Publishing Books, A Review!

I began this week with Writer’s Market Guide to Getting Published. I read through it really quickly, found it very easy to assimulate, and filled up several pages of paper with websites, more books to reference, ideas, great tips, and a better understanding of how to build a platform (and what it is!). There’s also some good beginner info on self-publishing and marketing. Great comparison for someone like me who is on the fence and therefore wants to explore both possibilities. The query letter samples were perfect, as well as the short and long synopses. Exactly what I was needing. Writing the novel itself is one thing, but to shrink it down to essentially a very short story without losing its soul is just stumping me. And to fit the whole essence into one quick paragraph for a query letter- my brain is crying. There’s so many avenues I can focus on and I’m not sure which one does the best justice.

Sorry, back to the book that isn’t mine. Guide to Getting Published does focus largely on fiction and non-fiction, even though there’s so many other genres that require different guidelines! You can’t tell everyone in an envelope generalization how to market your theme (or write according to the market) with, say, an example of a dog breed: Market to dog lovers, breeders, etc. I can’t market to people raised by dragons, because, well, it’s fantasy. Dragons don’t generally do that sort of thing. Likewise, the only thing that makes me an expert on my subject matter is that I fabricated the whole entire thing all on my own! 😛 Therefore, I can make myself an expert on nearly anything I put my characters through. Suffice it to say, they already hate me for that cause I put them through a shit-ton. Which is why I need to hurry up and get Book One published so I can get to the next one and clean up the mess I made of their lives.

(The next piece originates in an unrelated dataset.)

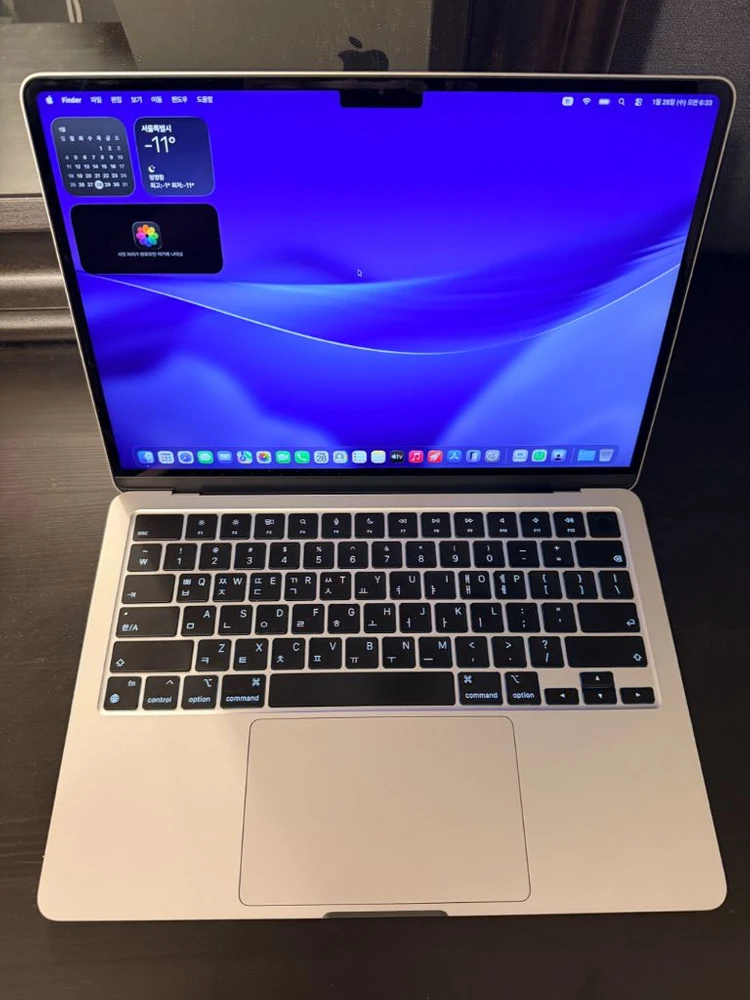 [풀박스/보증남음] 맥북에어 M2 13인치 (RAM 24G / SSD 512G) 이미지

Is that what I’m supposed to say (dragons, expert, shit-ton?)? Does that make people laugh or would they take it as a snide, embittered comment and throw my entreaty away? I’m pretty sure it’s the latter. I need a shirt that bears the disclaimer: Don’t take me so seriously. I’m not serious.

Back to the book that isn’t mine! I do think that Fantasy and Sci-Fi writers are vastly underserved in these Guides. A lot of the tips for Fiction writers don’t apply to us, and I flip through the chapters feeling that the several I need are missing. Is my life a book? Am I the protagonist who must find those sacred missing pages? If I were to go back to the trend following tip, I think it very truthful to say that fantasy appears to be queen right now, and we writers need our info.

Right after devouring this book, I went into Getting Your Book Published For Dummies. A week later, I’m still trying to force myself to read it. It is so opposite from everyone else’s advice that I can’t find it reliable. They talk down getting an agent and go very heavy into going the editor route as your gate to a publisher. More than that, they say call them all first, which everyone else says NOT to do. And if an agent’s website tells you to include a SASE, DO NOT do so, as (following directions) is the mark of an amatuer. It’s all just hard to accept as trustworthy. Half-way through the book, and I’ve got nothing written down: no helpful links, no websites or groups to join, ways to network, follow-up books. I doubt I’ll finish it.

Though it does prove that you really do have to snag your reader very early on before you bog their mind down with nonsense. My nonsense is much more enjoyable, though.